# What you should do:
Please transcribe the listing below in full and word for word, without its pictures.

# Task data:
┌──

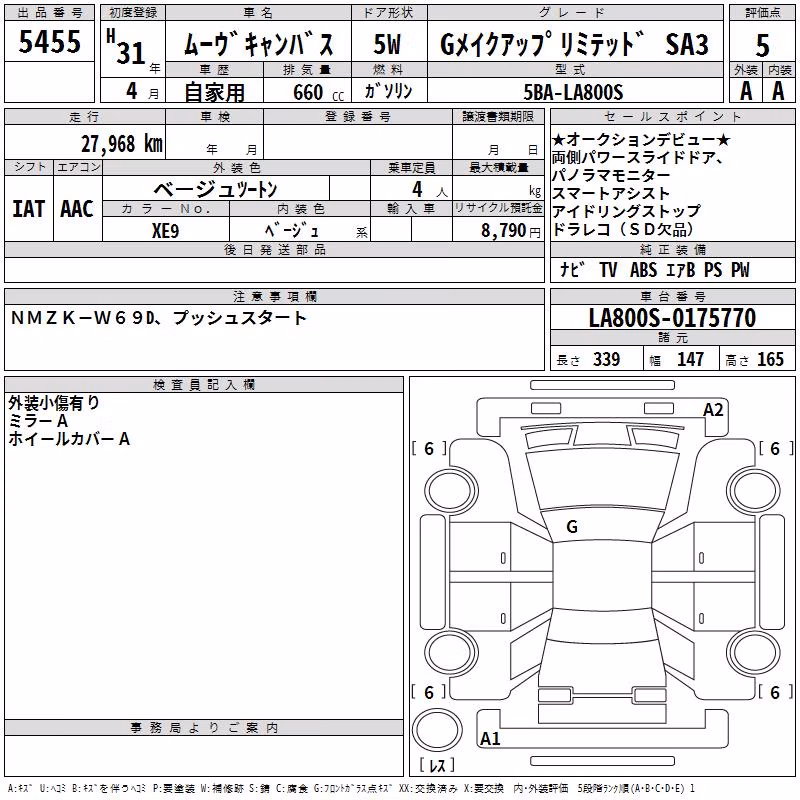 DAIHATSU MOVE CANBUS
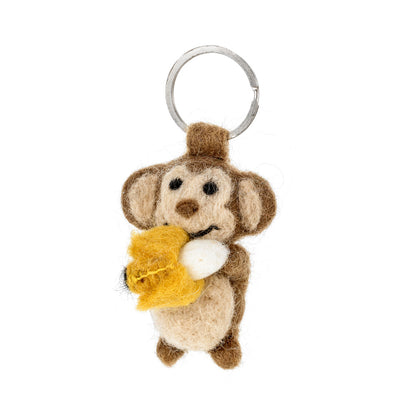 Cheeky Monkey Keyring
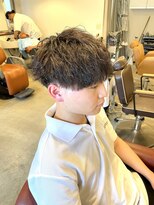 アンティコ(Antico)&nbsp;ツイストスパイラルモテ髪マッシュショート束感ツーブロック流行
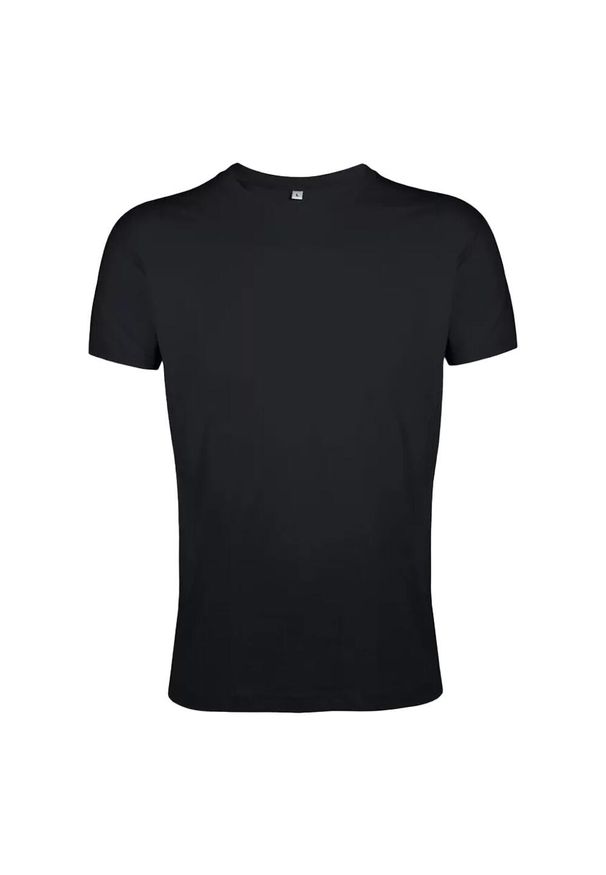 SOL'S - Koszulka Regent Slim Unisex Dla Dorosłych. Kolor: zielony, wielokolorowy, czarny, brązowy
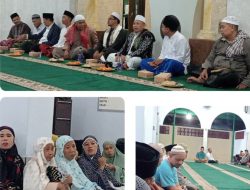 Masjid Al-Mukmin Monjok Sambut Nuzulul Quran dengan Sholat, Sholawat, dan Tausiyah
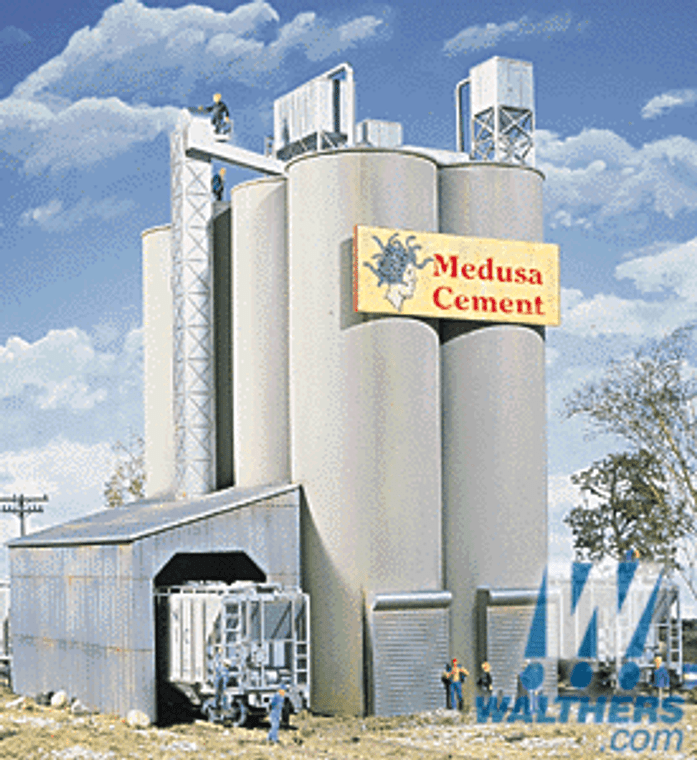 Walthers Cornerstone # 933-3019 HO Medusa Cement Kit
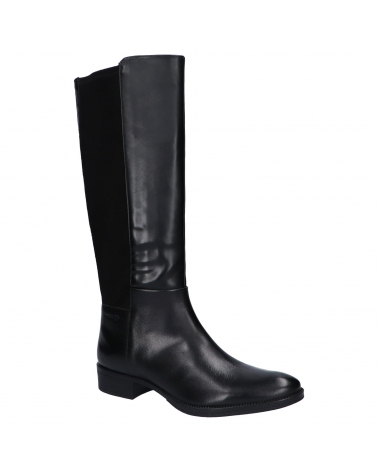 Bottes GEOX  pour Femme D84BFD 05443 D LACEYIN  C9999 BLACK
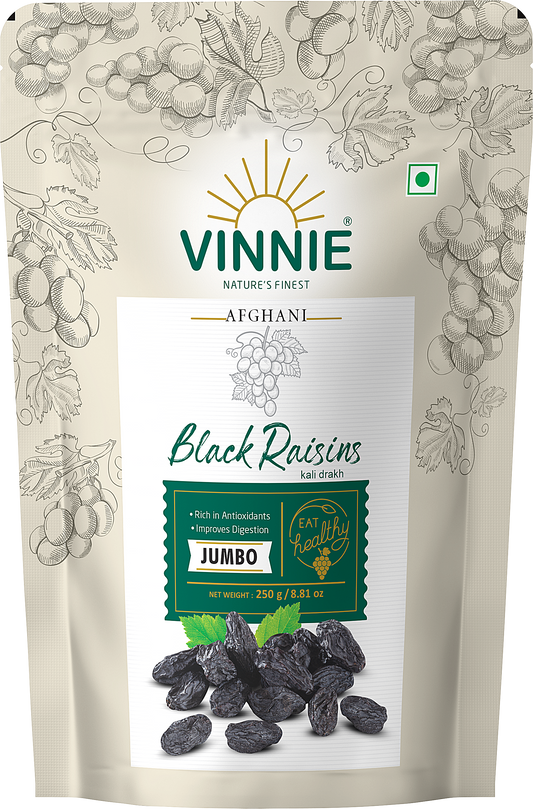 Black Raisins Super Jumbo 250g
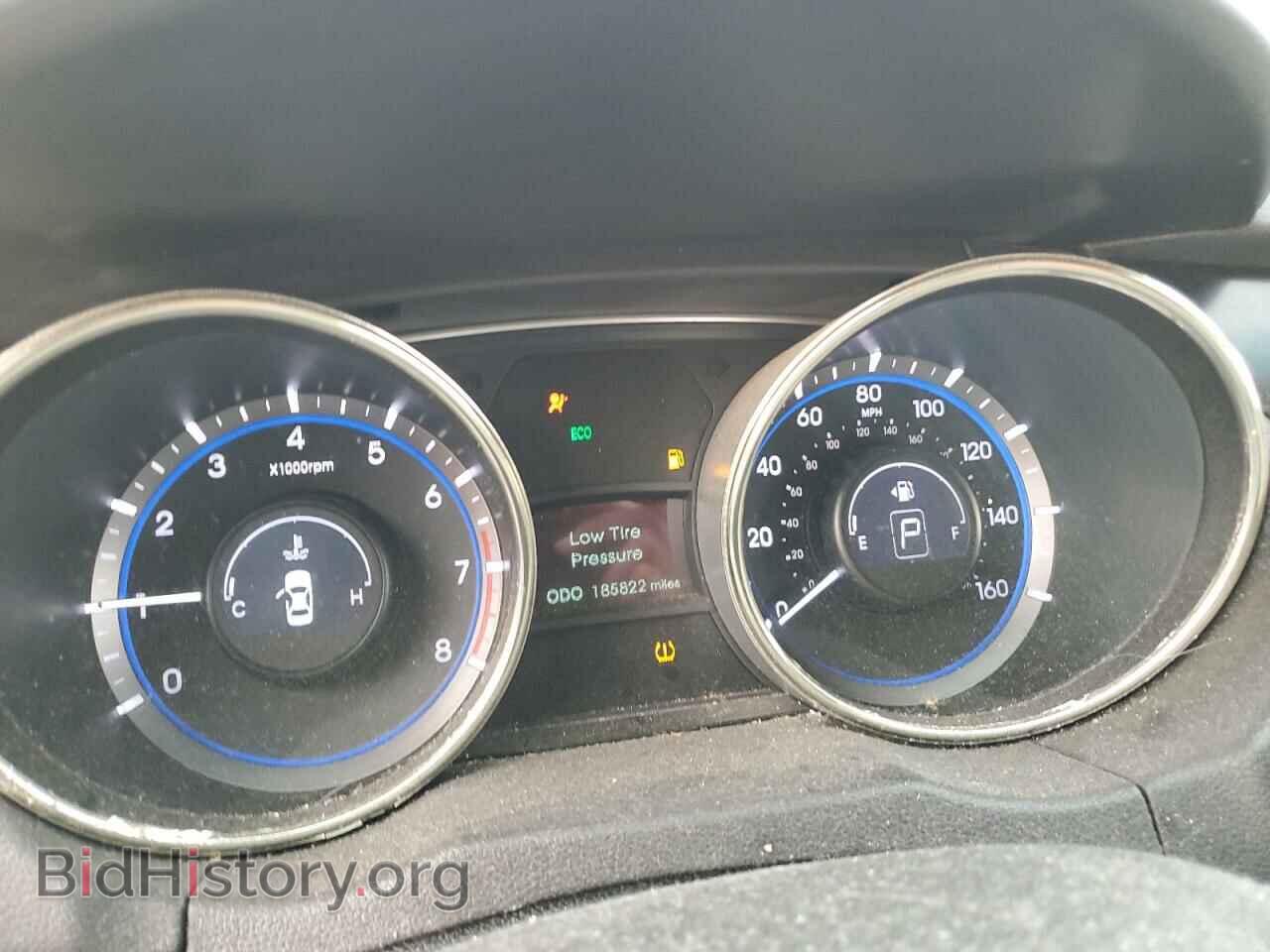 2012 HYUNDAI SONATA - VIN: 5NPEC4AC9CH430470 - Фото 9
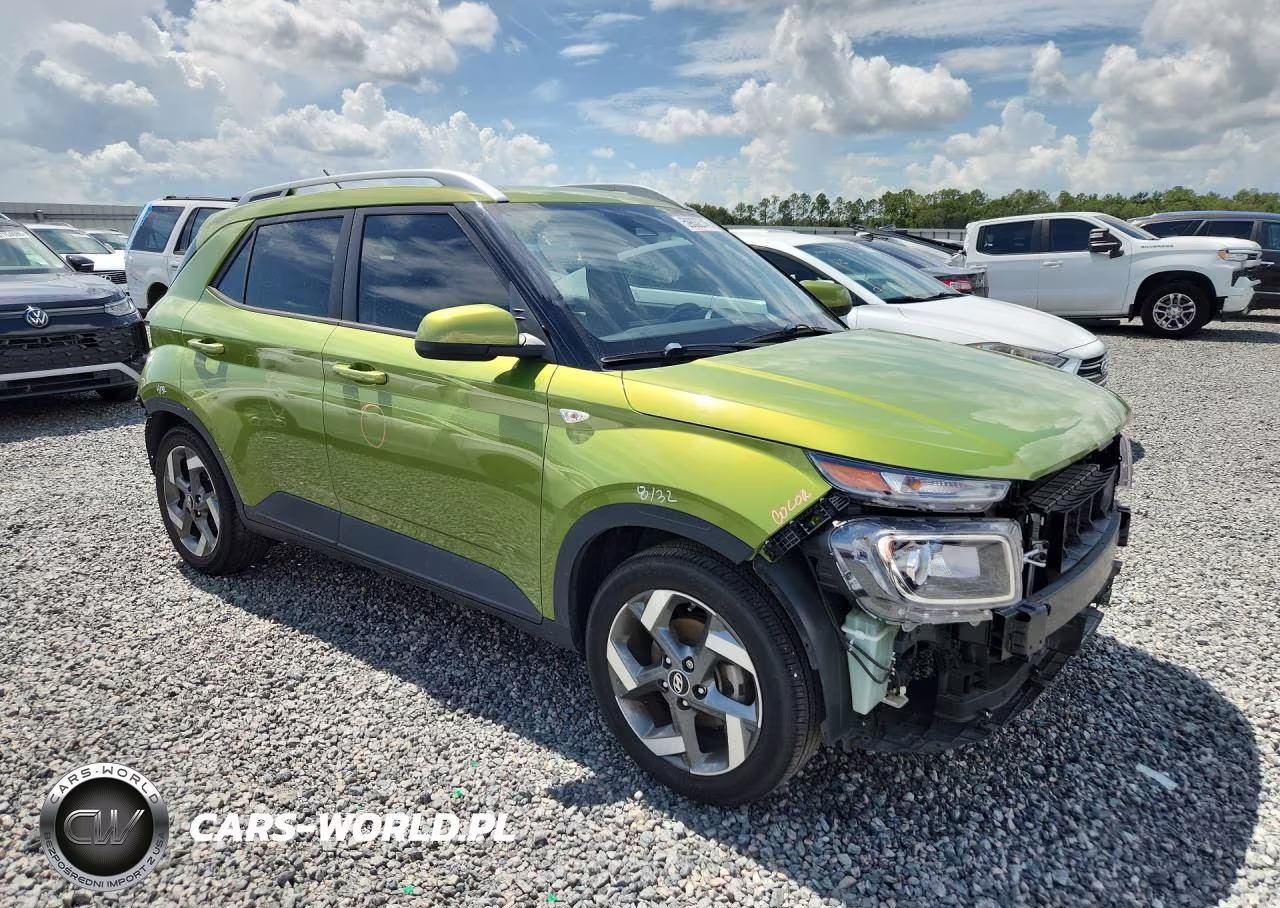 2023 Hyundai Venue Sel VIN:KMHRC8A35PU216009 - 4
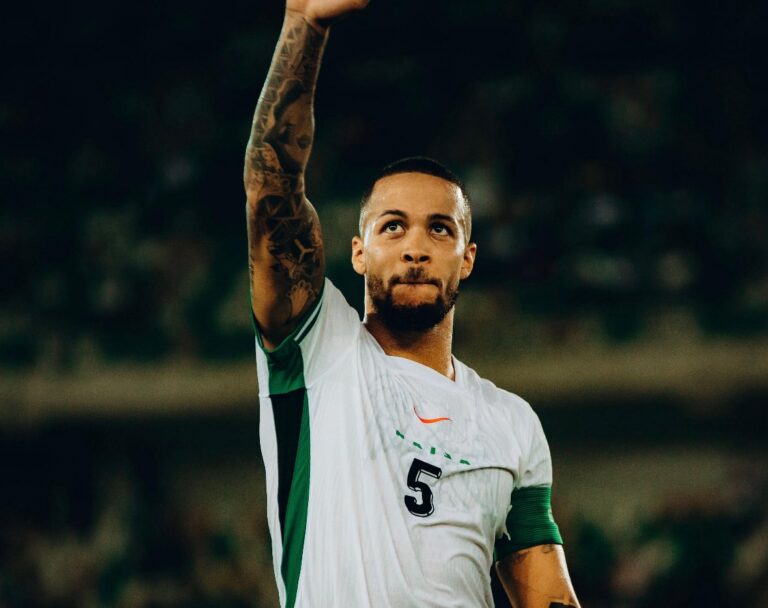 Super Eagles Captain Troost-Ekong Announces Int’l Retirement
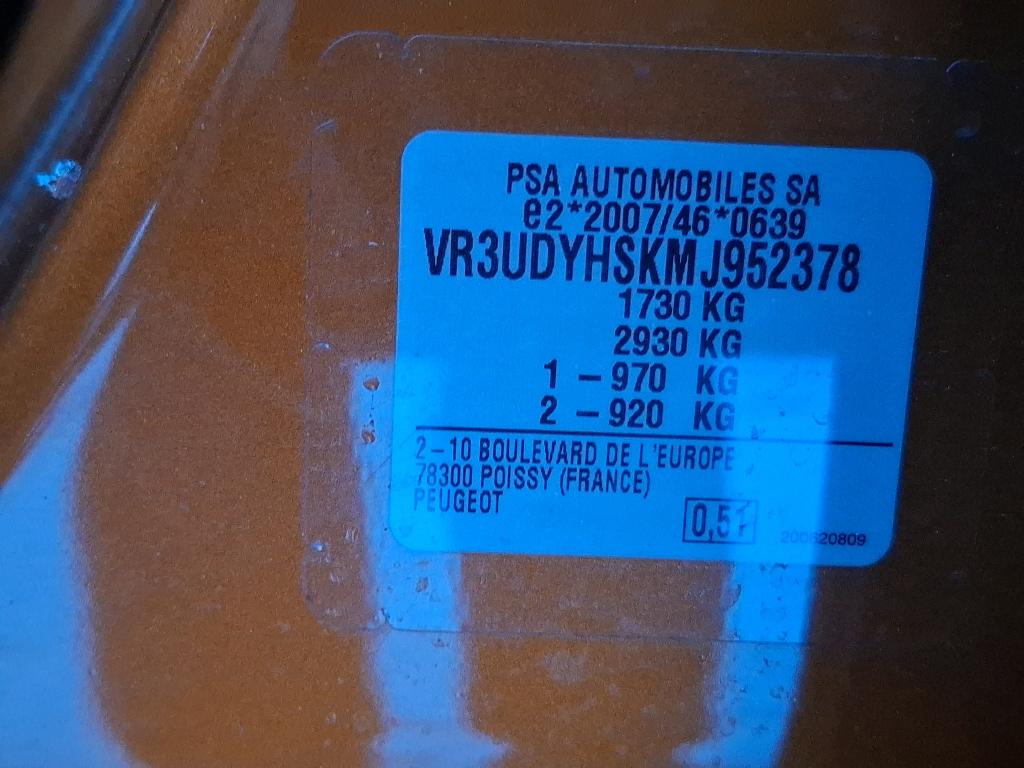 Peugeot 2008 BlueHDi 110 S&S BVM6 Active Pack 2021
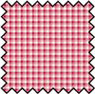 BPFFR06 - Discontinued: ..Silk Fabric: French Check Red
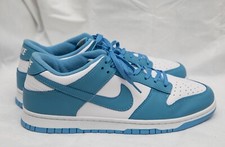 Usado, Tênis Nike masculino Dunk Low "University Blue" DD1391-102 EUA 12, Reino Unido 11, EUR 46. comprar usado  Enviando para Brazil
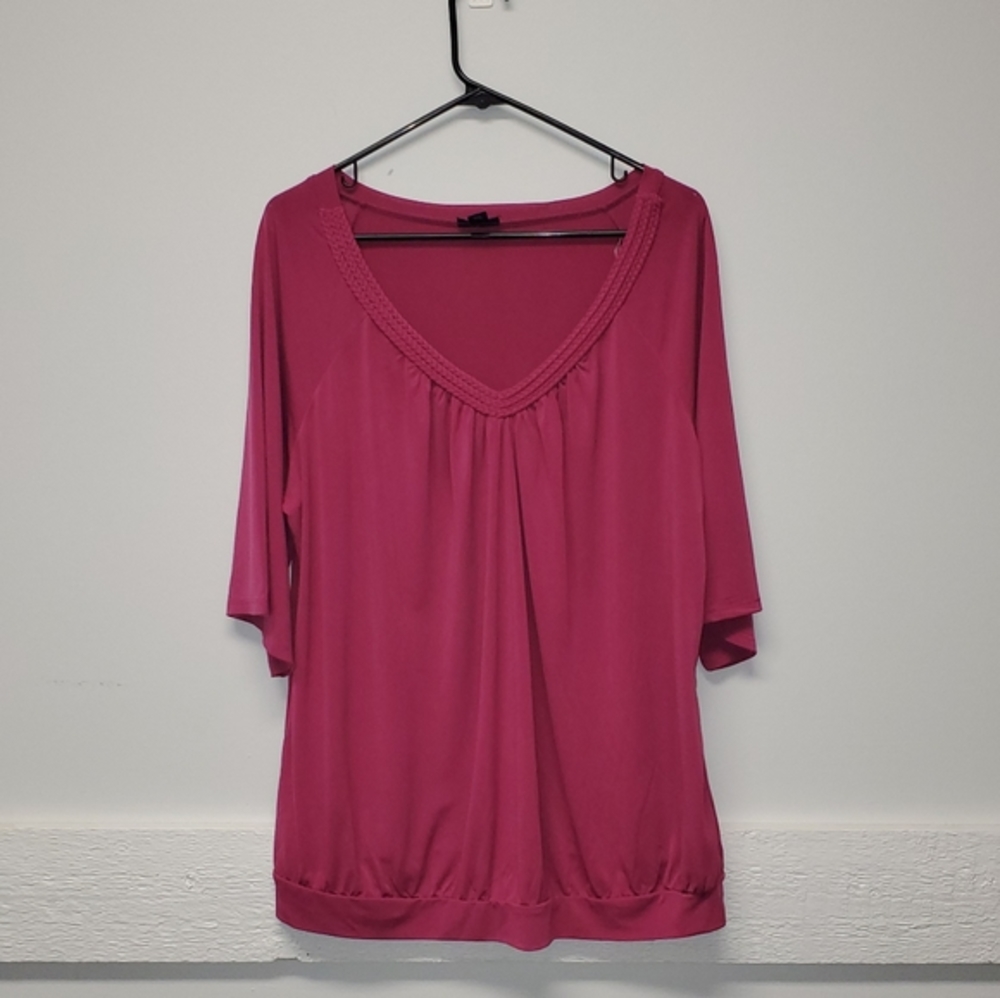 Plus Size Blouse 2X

└──

# Answer below:
 DAIHATSU MOVE CANBUS
 Cheeky Monkey Keyring
 アンティコ(Antico)&nbsp;ツイストスパイラルモテ髪マッシュショート束感ツーブロック流行
 SOL'S - Koszulka Regent Slim Unisex Dla Dorosłych. Kolor: zielony, wielokolorowy, czarny, brązowy
 Masjid Al-Mukmin Monjok Sambut Nuzulul Quran dengan Sholat, Sholawat, dan Tausiyah
 Walthers Cornerstone # 933-3019 HO Medusa Cement Kit
 Bottes GEOX  pour Femme D84BFD 05443 D LACEYIN  C9999 BLACK
 Black Raisins Super Jumbo 250g
 2012 HYUNDAI SONATA - VIN: 5NPEC4AC9CH430470 - Фото 9
 2023 Hyundai Venue Sel VIN:KMHRC8A35PU216009 - 4
 Super Eagles Captain Troost-Ekong Announces Int’l Retirement
 Peugeot 2008 BlueHDi 110 S&S BVM6 Active Pack 2021
 BPFFR06 - Discontinued: ..Silk Fabric: French Check Red
 Usado, Tênis Nike masculino Dunk Low "University Blue" DD1391-102 EUA 12, Reino Unido 11, EUR 46. comprar usado  Enviando para Brazil
 Plus Size Blouse 2X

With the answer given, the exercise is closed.